* Problem to work on *
Would you return exactly the lines below from the line with "ST. D'VENCÉ Moroccan" through the line with "Blossoming Love Mug", both included, and nothing else, leaving out the pictures?

* Records for this exercise *

*** Begin section ***

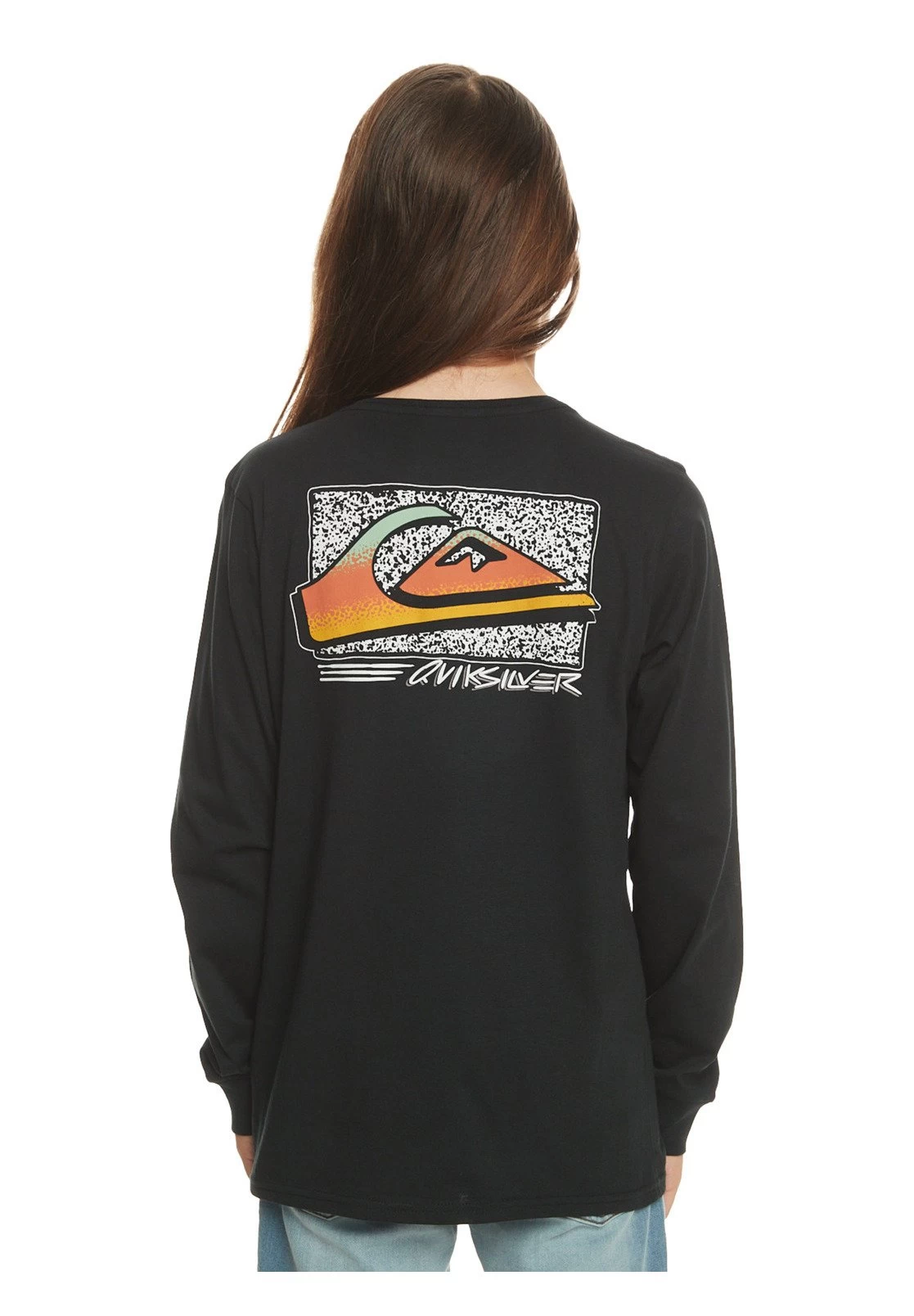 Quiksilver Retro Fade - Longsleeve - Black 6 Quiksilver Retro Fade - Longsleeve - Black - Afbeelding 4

*** End section ***
*** Begin section ***

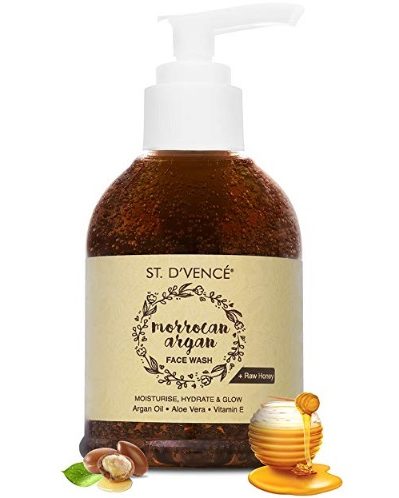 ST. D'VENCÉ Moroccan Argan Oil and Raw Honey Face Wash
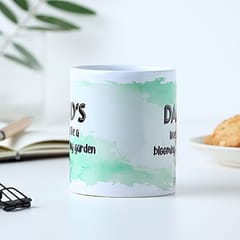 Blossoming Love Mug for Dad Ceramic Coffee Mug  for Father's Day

*** End section ***

* Solution to this exercise *
 ST. D'VENCÉ Moroccan Argan Oil and Raw Honey Face Wash
 Blossoming Love Mug for Dad Ceramic Coffee Mug  for Father's Day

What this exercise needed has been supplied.